▸ **WORK ITEM**
Reproduce word for word, from the entries below, the line with "12家！湖南公示首批省级非物质文化遗产生产性保护基地名单", the line with "#mrbean #rowanatkinson #timelesscomedy", and every line between them, and nothing more.

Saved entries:
□ □ □ □ □ □ □
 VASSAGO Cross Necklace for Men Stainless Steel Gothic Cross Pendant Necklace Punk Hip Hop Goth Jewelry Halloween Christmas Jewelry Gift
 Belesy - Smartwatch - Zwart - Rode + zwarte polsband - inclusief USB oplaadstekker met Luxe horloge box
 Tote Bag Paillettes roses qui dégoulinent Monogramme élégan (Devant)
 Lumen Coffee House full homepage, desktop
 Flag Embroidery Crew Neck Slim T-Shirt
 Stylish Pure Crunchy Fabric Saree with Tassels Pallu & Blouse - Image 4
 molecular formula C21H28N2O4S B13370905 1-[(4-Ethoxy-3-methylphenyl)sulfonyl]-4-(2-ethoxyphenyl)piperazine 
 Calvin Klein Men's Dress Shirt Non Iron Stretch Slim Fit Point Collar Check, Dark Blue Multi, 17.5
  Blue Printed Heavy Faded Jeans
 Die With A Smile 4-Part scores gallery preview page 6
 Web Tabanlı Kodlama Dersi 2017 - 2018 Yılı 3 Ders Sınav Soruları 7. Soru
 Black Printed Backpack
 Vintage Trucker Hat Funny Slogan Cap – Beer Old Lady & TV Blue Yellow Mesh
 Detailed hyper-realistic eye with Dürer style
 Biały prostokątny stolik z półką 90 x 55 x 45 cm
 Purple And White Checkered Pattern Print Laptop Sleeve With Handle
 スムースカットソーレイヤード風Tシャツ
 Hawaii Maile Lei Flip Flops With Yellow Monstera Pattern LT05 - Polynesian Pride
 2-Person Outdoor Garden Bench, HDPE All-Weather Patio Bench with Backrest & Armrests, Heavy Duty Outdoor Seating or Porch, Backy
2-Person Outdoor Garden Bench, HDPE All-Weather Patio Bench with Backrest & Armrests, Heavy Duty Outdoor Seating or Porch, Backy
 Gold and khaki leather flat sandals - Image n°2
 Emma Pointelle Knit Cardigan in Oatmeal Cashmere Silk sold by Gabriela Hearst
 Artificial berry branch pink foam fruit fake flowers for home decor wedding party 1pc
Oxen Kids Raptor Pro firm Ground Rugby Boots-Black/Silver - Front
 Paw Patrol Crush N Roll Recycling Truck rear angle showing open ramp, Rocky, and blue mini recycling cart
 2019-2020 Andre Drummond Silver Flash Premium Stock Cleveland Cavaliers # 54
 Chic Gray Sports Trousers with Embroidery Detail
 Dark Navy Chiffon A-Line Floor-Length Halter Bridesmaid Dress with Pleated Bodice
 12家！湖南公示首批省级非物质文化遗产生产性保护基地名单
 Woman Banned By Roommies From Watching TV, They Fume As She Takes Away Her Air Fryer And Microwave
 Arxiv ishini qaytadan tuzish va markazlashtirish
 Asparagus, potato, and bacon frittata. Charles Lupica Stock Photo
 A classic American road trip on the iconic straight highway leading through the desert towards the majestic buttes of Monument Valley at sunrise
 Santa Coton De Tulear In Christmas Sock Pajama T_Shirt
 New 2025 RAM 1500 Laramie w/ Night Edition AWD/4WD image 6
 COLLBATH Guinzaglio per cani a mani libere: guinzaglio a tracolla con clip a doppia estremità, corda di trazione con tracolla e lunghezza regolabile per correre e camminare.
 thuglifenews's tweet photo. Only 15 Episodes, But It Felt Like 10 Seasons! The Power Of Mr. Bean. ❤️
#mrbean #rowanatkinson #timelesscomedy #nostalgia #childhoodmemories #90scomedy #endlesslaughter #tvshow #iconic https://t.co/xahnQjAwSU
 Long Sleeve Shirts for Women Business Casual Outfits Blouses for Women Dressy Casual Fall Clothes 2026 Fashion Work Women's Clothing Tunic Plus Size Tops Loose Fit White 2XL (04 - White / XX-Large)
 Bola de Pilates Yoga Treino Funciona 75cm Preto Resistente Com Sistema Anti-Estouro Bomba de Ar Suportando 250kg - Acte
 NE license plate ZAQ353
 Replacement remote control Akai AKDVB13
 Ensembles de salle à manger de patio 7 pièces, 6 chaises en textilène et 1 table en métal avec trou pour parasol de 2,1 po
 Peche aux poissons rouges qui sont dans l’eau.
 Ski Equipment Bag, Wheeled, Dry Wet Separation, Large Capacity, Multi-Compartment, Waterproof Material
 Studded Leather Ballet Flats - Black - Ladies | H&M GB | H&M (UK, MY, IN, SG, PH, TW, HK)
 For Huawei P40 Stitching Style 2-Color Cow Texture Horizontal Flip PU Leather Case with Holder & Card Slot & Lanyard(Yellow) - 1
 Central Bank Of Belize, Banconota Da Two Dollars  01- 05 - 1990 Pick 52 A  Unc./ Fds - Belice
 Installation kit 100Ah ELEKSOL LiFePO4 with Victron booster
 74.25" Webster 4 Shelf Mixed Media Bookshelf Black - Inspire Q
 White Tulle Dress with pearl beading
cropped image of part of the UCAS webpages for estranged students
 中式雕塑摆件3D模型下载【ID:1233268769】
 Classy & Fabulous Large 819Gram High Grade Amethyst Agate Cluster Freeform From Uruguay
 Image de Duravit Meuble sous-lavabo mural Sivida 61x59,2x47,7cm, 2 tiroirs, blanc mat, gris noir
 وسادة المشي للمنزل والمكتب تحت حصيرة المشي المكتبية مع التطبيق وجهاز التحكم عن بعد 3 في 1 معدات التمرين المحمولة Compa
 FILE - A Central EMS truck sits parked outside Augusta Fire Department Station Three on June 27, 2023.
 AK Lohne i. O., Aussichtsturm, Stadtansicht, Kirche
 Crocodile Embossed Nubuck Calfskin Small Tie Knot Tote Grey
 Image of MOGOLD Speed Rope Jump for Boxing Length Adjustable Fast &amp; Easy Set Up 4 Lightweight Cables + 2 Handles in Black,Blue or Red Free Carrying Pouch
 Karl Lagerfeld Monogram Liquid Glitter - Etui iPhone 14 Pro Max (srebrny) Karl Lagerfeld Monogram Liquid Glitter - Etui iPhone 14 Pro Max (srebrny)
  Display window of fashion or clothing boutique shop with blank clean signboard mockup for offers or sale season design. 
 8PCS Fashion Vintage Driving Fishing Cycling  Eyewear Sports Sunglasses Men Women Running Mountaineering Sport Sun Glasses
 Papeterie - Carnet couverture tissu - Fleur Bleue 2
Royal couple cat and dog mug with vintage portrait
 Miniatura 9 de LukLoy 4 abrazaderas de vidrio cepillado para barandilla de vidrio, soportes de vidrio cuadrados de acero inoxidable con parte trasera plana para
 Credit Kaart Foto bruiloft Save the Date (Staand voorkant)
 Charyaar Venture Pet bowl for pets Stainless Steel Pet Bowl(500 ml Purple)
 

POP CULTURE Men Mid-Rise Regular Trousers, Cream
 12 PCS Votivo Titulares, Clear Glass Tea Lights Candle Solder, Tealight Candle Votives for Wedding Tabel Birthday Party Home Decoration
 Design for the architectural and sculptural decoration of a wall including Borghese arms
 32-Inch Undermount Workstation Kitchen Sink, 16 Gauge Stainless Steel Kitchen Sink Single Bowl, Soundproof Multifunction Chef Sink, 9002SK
□ □ □ □ □ □ □
▸ **ANSWER BOX**
 12家！湖南公示首批省级非物质文化遗产生产性保护基地名单
 Woman Banned By Roommies From Watching TV, They Fume As She Takes Away Her Air Fryer And Microwave
 Arxiv ishini qaytadan tuzish va markazlashtirish
 Asparagus, potato, and bacon frittata. Charles Lupica Stock Photo
 A classic American road trip on the iconic straight highway leading through the desert towards the majestic buttes of Monument Valley at sunrise
 Santa Coton De Tulear In Christmas Sock Pajama T_Shirt
 New 2025 RAM 1500 Laramie w/ Night Edition AWD/4WD image 6
 COLLBATH Guinzaglio per cani a mani libere: guinzaglio a tracolla con clip a doppia estremità, corda di trazione con tracolla e lunghezza regolabile per correre e camminare.
 thuglifenews's tweet photo. Only 15 Episodes, But It Felt Like 10 Seasons! The Power Of Mr. Bean. ❤️
#mrbean #rowanatkinson #timelesscomedy #nostalgia #childhoodmemories #90scomedy #endlesslaughter #tvshow #iconic https://t.co/xahnQjAwSU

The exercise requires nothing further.